(YOUR TASK): Within the listing below, give again exactly the lines between the one containing "Kuşlar parkta gölde" and the one containing "STEP7栄養とおいしさの秘技は日光浴！", inclusive, pictures left aside.

(INPUT DATA):
_ _ _ _

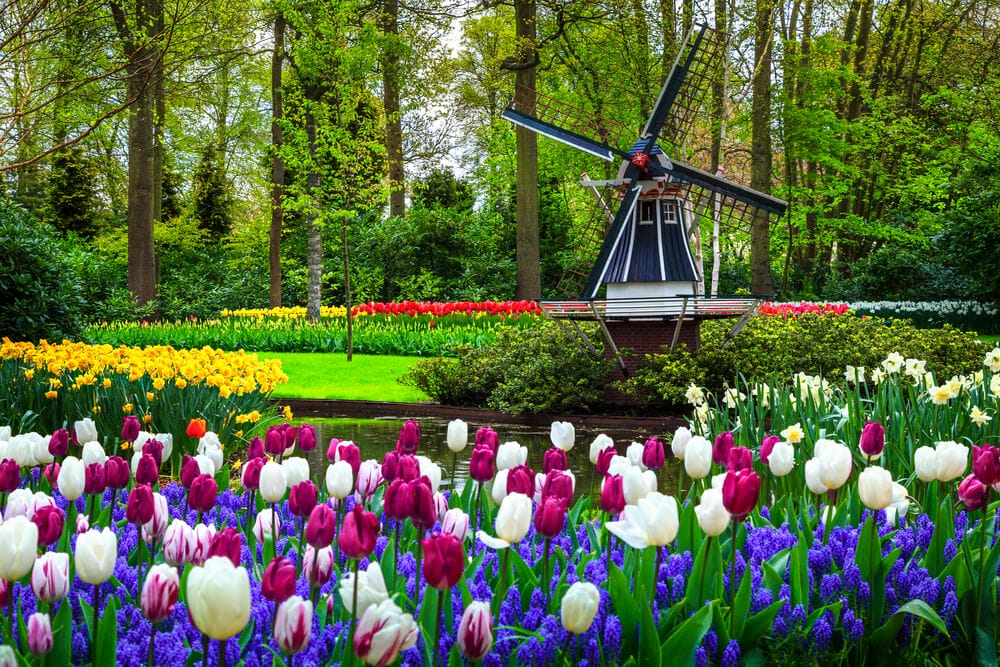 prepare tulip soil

_ _ _ _

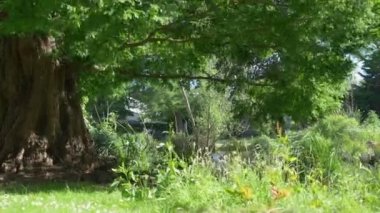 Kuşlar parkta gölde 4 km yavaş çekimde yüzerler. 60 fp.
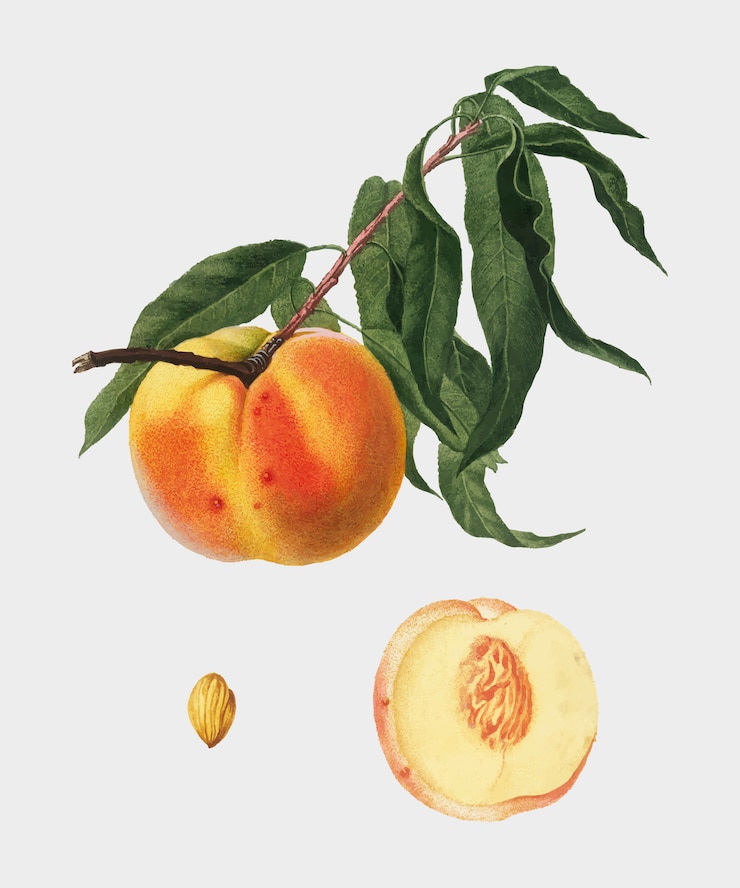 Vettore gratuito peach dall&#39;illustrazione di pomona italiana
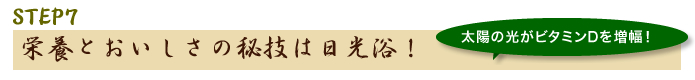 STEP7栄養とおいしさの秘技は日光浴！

_ _ _ _

(EXERCISE RESPONSE):
 Kuşlar parkta gölde 4 km yavaş çekimde yüzerler. 60 fp.
 Vettore gratuito peach dall&#39;illustrazione di pomona italiana
 STEP7栄養とおいしさの秘技は日光浴！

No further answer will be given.